Question 3. Examine the following statements:
(i) {c, b} ⊂ {b, a, c]
(ii) {i, e} ⊂ (x : x is vowel of English alphabet}
(iii) {1, 2, 3} ⊄ {1, 3, 2, 5}
(iv) {x : x is an even natural number less than or equal to 4} ⊄ {x : x is a natural number which divides 64}
Solution:
(i) {c, b} ⊂ {b, a, c}
The elements of the first set (c, b) are present in the second set {b, a, c}.
So, the statement is true.
(ii) {i, e} ⊂ {x : x is vowel of English alphabet}
The second set is {a, e, i, o, u}.
The elements of the first set (i, e) is present is the second set {a, e, i, o, u}.

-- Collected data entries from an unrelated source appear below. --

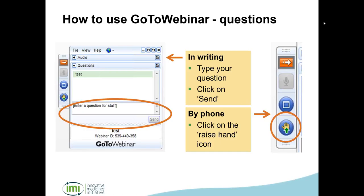Celine Caron asks: when will the call be published and what would the deadline be? We expect to publish it in the very near future. The deadline is usually around three months, but the details will be in all of the call documentation.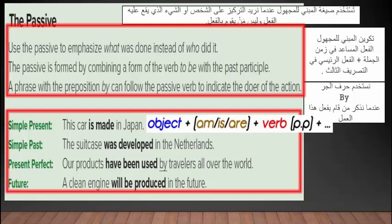في المضارع البسيط simple present تكون الصياغة كالتالي: object المفعول به زائد الفعل المساعد am/is/are. am تأتي مع ضمير I، is مع he/she/it، are مع you/we/they، زائد الفعل في التصريف الثالث. كما نرى في المثال: This car is made in Japan.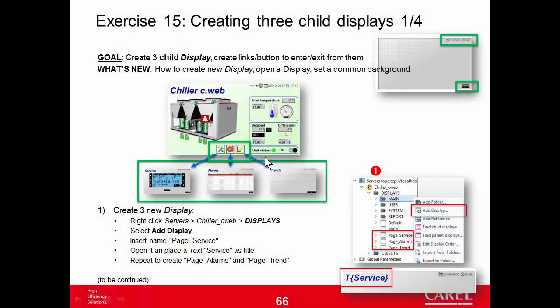Exercise 15: creating three child displays. The goal is to create three displays — one for the service, another for the alarms, and another for the trends — and enter and exit from them. To enter, I will use images: clicking the images will open the corresponding three pages. To go back to the main mask, I will use a button. In this exercise we will place just a title: trends, alarms, service — that's all.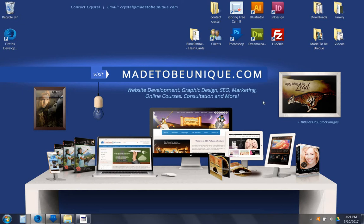Hi there, this is Crystal with Made to Be Unique and today I'm working on some custom flashcard templates for my client with BiblePathwayAdventures.com.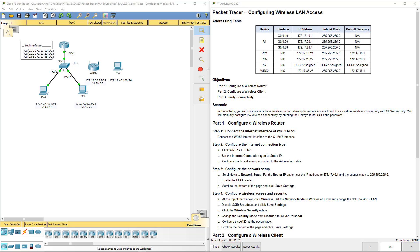Welcome to my Cisco Scaling Networks, which is the third installment of the CCNA material. We're doing a lab review — lab 4422, configuring wireless LAN.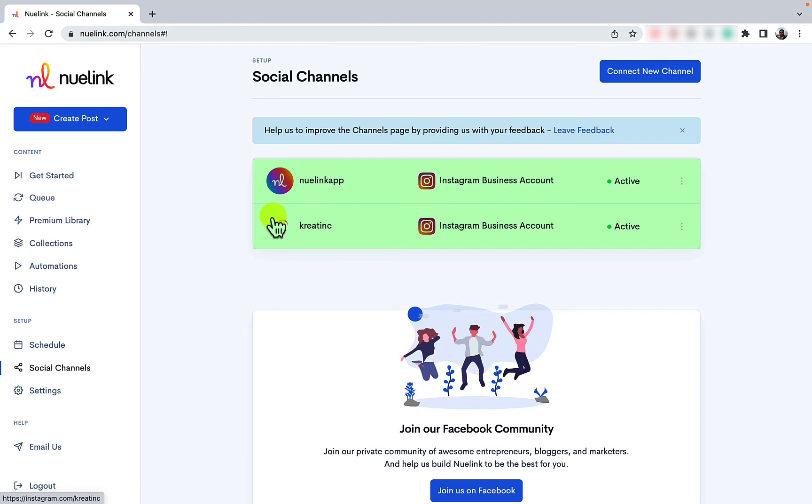By following these steps, you will have linked your Instagram business account successfully. Enjoy easy social media scheduling with Newlink.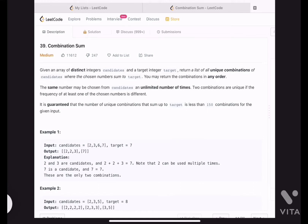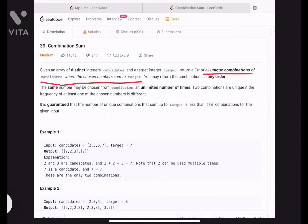Hello everyone. Today's problem is Combination Sum. We are given a sequence of numbers and a target, and we need to return all unique combinations or subsets whose sum is equal to the target. We can return our subset in any order. The most important thing in this problem is that we can repeat elements in the sequence an unlimited number of times.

So, the statement is true.
(iii) {1, 2, 3} ⊄ {1, 3, 2, 5}
The elements of the first set {1, 2, 3} are present in the elements of the second set {1, 3, 2, 5}.
So, the statement is false.
(iv) {x : x is an even natural number less than or equal to 4} ⊂ (x : x is a natural number which divides 64}
{2, 4} ⊂ {1, 2, 4, 8, 16, 32, 64}
So, the statement is true.
Question 4. Write power sets of the following:
(i) {a}
(ii) {1, 2, 3}
(iii) {a, b}
(iv) Φ
Solution:
(i) {a}
The subsets of {a} are Φ and {a}.
The power set P{a} = {Φ, {a}}
(ii) {1, 2, 3}
The subsets of {1, 2, 3} are Φ, {1}, {2}, {3}, {1, 2}, {1, 3}, {2, 3} and {1, 2, 3}.

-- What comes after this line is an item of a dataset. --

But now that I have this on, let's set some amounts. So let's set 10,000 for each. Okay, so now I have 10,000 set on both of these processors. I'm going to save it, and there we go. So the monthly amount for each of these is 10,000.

The power set P{1, 2, 3} = {Φ, {1}, {2}, {3}, {1, 2}, {1, 3}, {2, 3}, {1, 2, 3}}
(iii) {a, b}
The subsets of {a, b} are Φ, {a}, {b}, {a, b}
The power set P{a, b} = {Φ, {a}, {b}, {a, b}}
(iv) Φ
Φ is the null set, then the power set P(Φ) = {Φ}
Question 5: Write the following as intervals.
(i) {x : x ∈ R, -3 < x < 6}
(ii) {x : x ∈ R, -4 ≤ x ≤ 8}
(iii) {x : x ∈ R, 4 < x ≤ 9}
(iv) {x : x ∈ R, -6 ≤ x < -1}
Solution:
(i) {x : x ∈ R, -3 < x < 6}
-3 < x < 6 is an open interval where -3 and 6 are not included.

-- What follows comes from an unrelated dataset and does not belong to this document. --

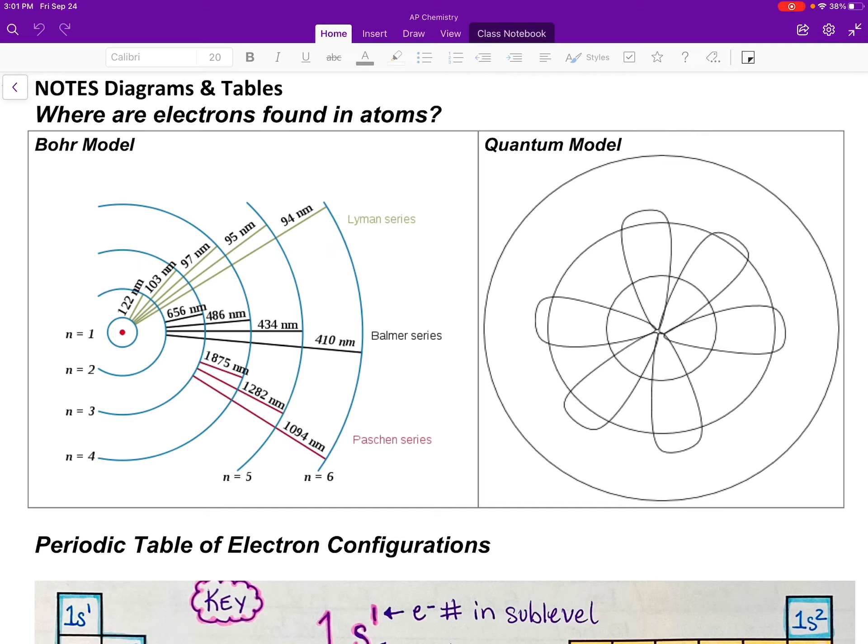Welcome to this AP check on electron configurations and orbital diagrams. I'm going to start with these pictures here and talk about the Bohr model versus the quantum model, which I cover in the initial video.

So, {x : x ∈ R, -3 < x < 6} has an interval (-3, 6).
(ii) {x : x ∈ R, -4 ≤ x ≤ 8}
-4 ≤ x ≤ 8 is a closed interval in which (-4 and 8) are included.
So, the interval is [-4, 8].
(iii) {x : x ∈ R, 4 < x ≤ 9}
4 < x ≤ 9 is a semi closed interval where the interval is less than 4 and equal to 9.
So, {x : x ∈ R, 4 < x ≤ 9} has interval (4, 9].
(iv) {x : x ∈ R, -6 ≤ x < -1}
-6 ≤ x < -1 is a semi closed interval where the interval is equal to -6 and less than -1.
Hence, {x : x ∈ R, – 6 ≤ x < -1} has interval [-6, -1).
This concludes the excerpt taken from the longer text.